▶ [TASK DESCRIPTION]:
When the line with "La Banda del" turns up below, begin repeating exactly, and carry on through the line with "На ПК вышел"; no pictures go into the copy.

▶ [DATA FOR ANALYSIS]:

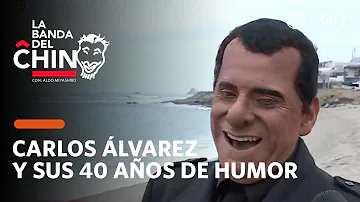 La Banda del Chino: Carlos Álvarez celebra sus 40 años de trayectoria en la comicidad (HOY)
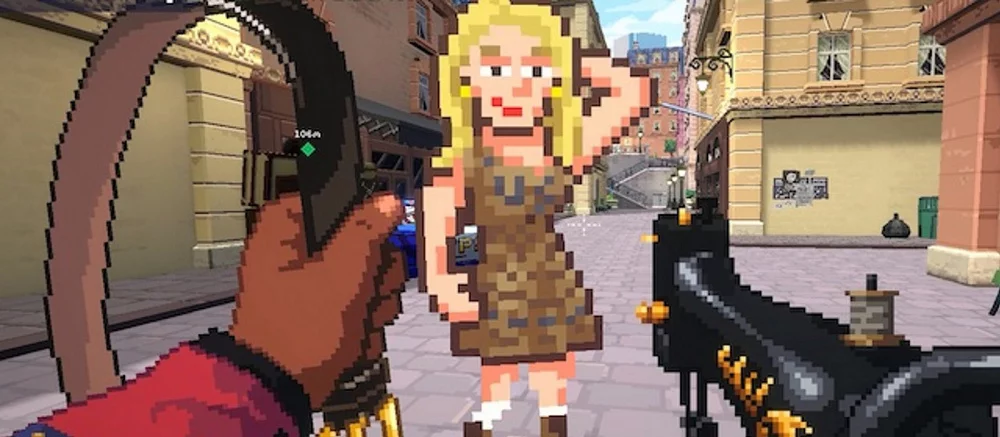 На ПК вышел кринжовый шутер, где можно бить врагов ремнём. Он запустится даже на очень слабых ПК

...

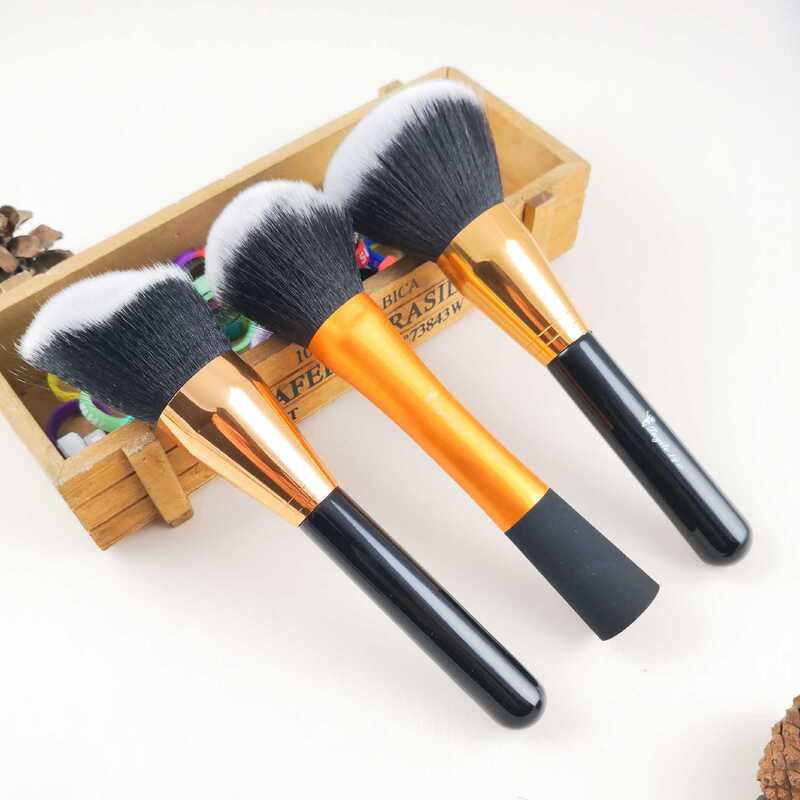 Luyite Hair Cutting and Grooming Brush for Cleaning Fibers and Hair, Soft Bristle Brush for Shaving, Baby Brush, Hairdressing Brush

--

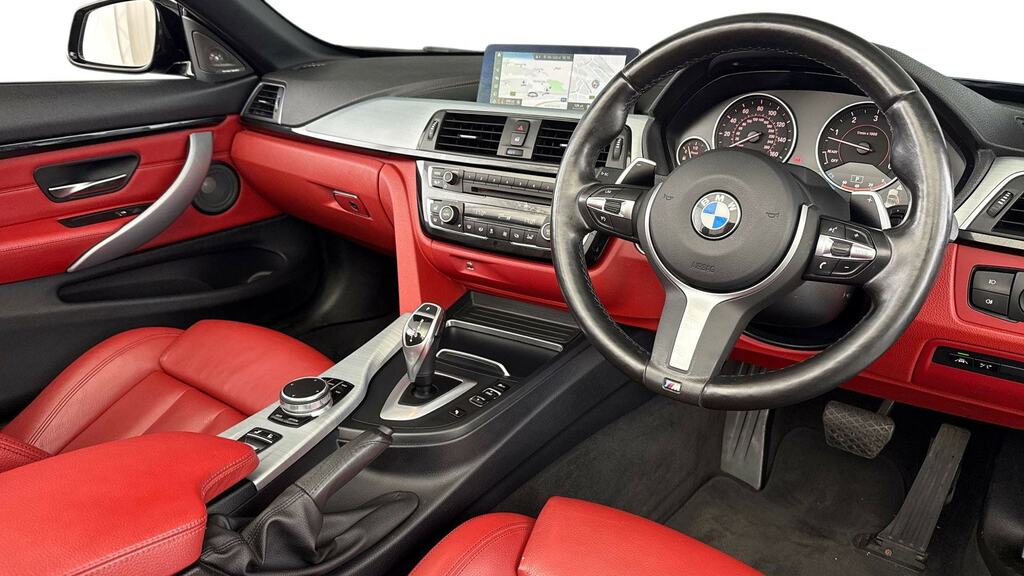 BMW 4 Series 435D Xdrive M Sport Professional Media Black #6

▶ [ANSWER SPACE]:
 La Banda del Chino: Carlos Álvarez celebra sus 40 años de trayectoria en la comicidad (HOY)
 На ПК вышел кринжовый шутер, где можно бить врагов ремнём. Он запустится даже на очень слабых ПК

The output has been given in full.